George

George: Learning to Place Long-Lived Containers in Large Clusters with Operation Constraints

This repository contains the tensorflow implementation for reinforcement learning based Long Running Application scheduling.

Dependencies

Python 3.5 or above
Tensorflow 1.12.0
scipy
numpy
pandas
matplotlib
sklearn
ray
Matlab 2019b or above

Installation

Install Requirements

git clone https://github.com/George-RL-based-container-sche/George.git

Clone from Github source:

pip install -r requirement.txt

Content

Our project includes three parts:

Cluster: Implementation of our seven real-world LRAs that exhibit inter-container interferences.
Experiments: George scheduling workflow based on our real-world LRA setting.

Experiment workflow

Real-World LRA cluster setup and profiler establishment

Launch a cluster of tens of nodes on Amazon EC2 consisting of at least 1 manager node, several worker nodes, and some client nodes. Record the public DNS address or ip address of each node and make sure the manager and client nodes are accessible through the SSH key ~/.ssh/id_rsa.

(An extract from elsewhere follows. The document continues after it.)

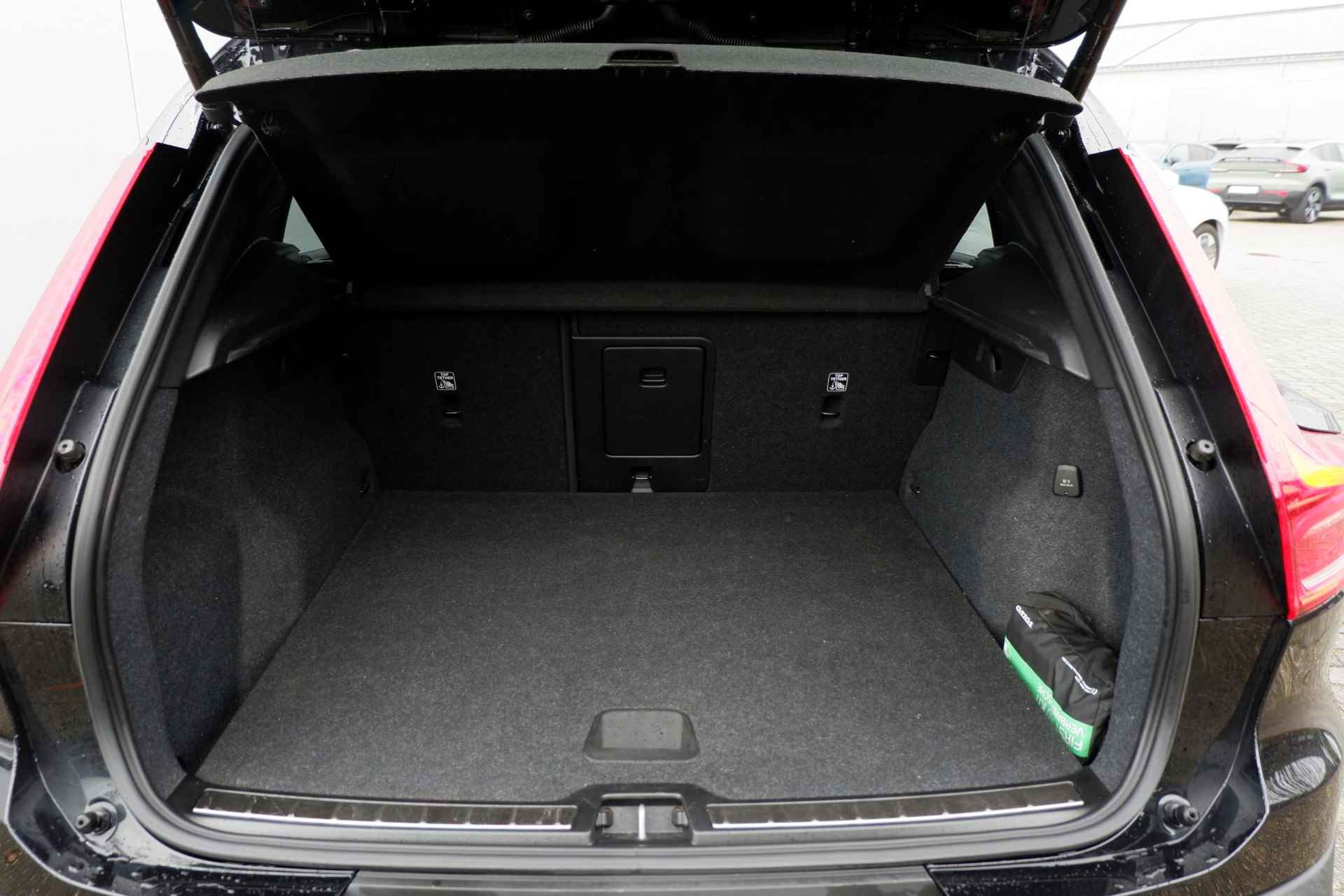 Volvo XC40 T5 Automaat Plug-in hybrid Ultimate Bright, Volvo XC40 T5 Plug-in hybrid AUT7 262PK Ultimate Bright, Panoramadak, Trekhaak semi elektrisch inklapbaar, Elektrisch bedienbare stoelen, Harman Kardon audio, Verwarmbare voorstoelen & stuurwiel, Adaptieve Cruise Control met Pilot Assist, BLIS Dodeheokdetectie - 19/29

export MANAGER=ec2-xxx-xxx-xxx-100.us-west-2.compute.amazonaws.com
export WORKER1=ec2-xxx-xxx-xxx-101.us-west-2.compute.amazonaws.com
# ......
export CLIENT1=ec2-xxx-xxx-xxx-201.us-west-2.compute.amazonaws.com
# ......

$ ssh ubuntu@$MANAGER
(manager)$ git clone https://github.com/George-RL-based-container-sche/George.git

If Docker has not been installed, install Docker on each manager, worker, and client node:

(manager)$ sudo Cluster/scripts/install_docker.sh
(worker1)$ sudo Cluster/scripts/install_docker.sh
# ......

Coordinating manager and worker nodes through Docker Swarm to form a Swarm cluster.

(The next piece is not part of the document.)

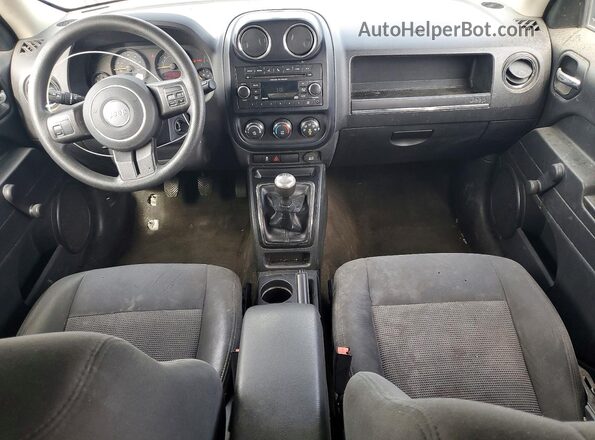 1C4NJPBA5GD527018 2016 JEEP PATRIOT Charcoal Widok deski rozdzielczej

$ ssh $MANAGER docker swarm init

# Output
To add a worker to this swarm, run the following command:

    docker swarm join --token SWMTKN-1-1bu27zw7lzh6pnu1l0981bu1m6nqq2pcgk25kovuh565319cah-8480smxu3kp7cj5nfkck2itax 192.168.99.100:2377

Then execute the aforementioned command on each worker.

$ ssh $WORKER1 docker swarm join --token SWMTKN-1-1bu27zw7lzh6pnu1l0981bu1m6nqq2pcgk25kovuh565319cah-8480smxu3kp7cj5nfkck2itax 192.168.99.100:2377

# Output
This node joined a swarm as a worker.

Build docker images of different workloads on the manager node.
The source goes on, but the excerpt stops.